Armand menyayangkan sistem yang selama ini tidak transparan dan membingungkan. Ia berharap MK dapat memberikan keputusan yang jelas dan melindungi semua pihak, baik penyanyi, pencipta, maupun pelaku industri lainnya.
Selain Armand, beberapa musisi seperti Sammy Simorangkir juga mengungkapkan kekhawatiran mereka. Sammy menilai sejumlah pasal dalam UU Hak Cipta multitafsir, termasuk yang menyebut pencipta lagu bisa menagih royalti langsung kepada penyanyi. Hal ini menurutnya merusak rasa aman bagi para pelaku pertunjukan.
Sammy menjelaskan bahwa hampir semua lagu membutuhkan kerja kolektif dari berbagai pihak, seperti penata musik, produser, dan kru. Jika hak eksklusif atas lagu ditafsirkan sebagai kekuasaan mutlak, maka akan terjadi ketimpangan.
Beberapa pasal dalam UU Hak Cipta yang diuji oleh MK antara lain Pasal 9 ayat (3), Pasal 23 ayat (5), Pasal 81, Pasal 87 ayat (1), dan Pasal 113 ayat (2). Dalam pasal-pasal ini, terdapat ketidakjelasan yang memicu sengketa antara penyanyi dan pencipta lagu.
Masalah pengelolaan royalti juga menjadi perhatian serius. Berdasarkan Pasal 89 ayat (1) hingga (3), royalti harus dikelola melalui manajemen kolektif nasional. Namun, frasa “setiap orang” dalam undang-undang ini masih bisa ditafsirkan secara berbeda, sehingga memungkinkan pemegang hak cipta untuk menagih langsung kepada pelaku pertunjukkan.
Ariel Noah, bersama 28 musisi lainnya, juga melakukan uji materi UU Hak Cipta. Salah satu permintaan mereka adalah membolehkan penyanyi membawakan lagu tanpa izin pencipta, asalkan membayar royalti.

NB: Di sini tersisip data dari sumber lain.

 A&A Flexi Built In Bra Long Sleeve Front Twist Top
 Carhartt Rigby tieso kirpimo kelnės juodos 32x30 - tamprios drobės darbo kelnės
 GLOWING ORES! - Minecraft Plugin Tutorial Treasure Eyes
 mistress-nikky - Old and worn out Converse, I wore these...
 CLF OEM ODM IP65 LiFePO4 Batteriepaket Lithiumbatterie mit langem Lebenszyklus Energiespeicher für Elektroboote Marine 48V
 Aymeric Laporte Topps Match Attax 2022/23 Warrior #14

Marcell Siahaan, Ketua Departemen Hukum Pappri, menyatakan bahwa penerapan norma UU Hak Cipta saat ini gagal. Hal ini menyebabkan penyanyi bisa dikriminalisasi meskipun sudah membayar royalti. Menurutnya, beberapa pasal dalam undang-undang ini belum memenuhi unsur kepastian, kemanfaatan, dan keadilan.

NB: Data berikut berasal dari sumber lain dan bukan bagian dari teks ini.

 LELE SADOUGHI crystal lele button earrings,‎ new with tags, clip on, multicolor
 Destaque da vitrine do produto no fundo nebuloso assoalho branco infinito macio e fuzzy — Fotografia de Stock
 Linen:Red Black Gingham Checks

Dengan begitu, upaya untuk merevisi UU Hak Cipta dan memperjelas sistem hukum menjadi penting. Harapan besar ditempatkan pada MK dan DPR untuk memberikan keputusan yang jelas dan melindungi semua pihak dalam industri musik. Dengan demikian, potensi musik Indonesia untuk menyaingi KPop bisa terwujud.